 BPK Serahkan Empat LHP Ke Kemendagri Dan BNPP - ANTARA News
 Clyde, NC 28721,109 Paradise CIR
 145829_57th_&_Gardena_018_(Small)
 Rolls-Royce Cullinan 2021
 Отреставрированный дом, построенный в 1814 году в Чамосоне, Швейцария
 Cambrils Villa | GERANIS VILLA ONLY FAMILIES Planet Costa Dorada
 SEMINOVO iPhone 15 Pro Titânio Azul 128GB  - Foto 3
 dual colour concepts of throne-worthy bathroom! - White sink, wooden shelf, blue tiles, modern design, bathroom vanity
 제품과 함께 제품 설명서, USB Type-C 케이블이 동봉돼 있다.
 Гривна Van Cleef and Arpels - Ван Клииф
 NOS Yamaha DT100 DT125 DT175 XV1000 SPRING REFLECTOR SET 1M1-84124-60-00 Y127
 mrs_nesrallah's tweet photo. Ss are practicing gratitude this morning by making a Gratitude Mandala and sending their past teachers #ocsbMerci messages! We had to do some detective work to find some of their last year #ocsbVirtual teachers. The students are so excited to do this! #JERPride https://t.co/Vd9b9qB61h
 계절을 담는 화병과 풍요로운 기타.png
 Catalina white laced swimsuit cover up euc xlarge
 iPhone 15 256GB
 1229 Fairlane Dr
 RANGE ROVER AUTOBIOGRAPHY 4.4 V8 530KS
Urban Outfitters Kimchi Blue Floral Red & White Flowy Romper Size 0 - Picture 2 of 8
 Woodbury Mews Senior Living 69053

* * *

* [Required action] Would you copy every line from the listing above that has the string "iPhone" in it?

* [Exercise answer]
 SEMINOVO iPhone 15 Pro Titânio Azul 128GB  - Foto 3
 iPhone 15 256GB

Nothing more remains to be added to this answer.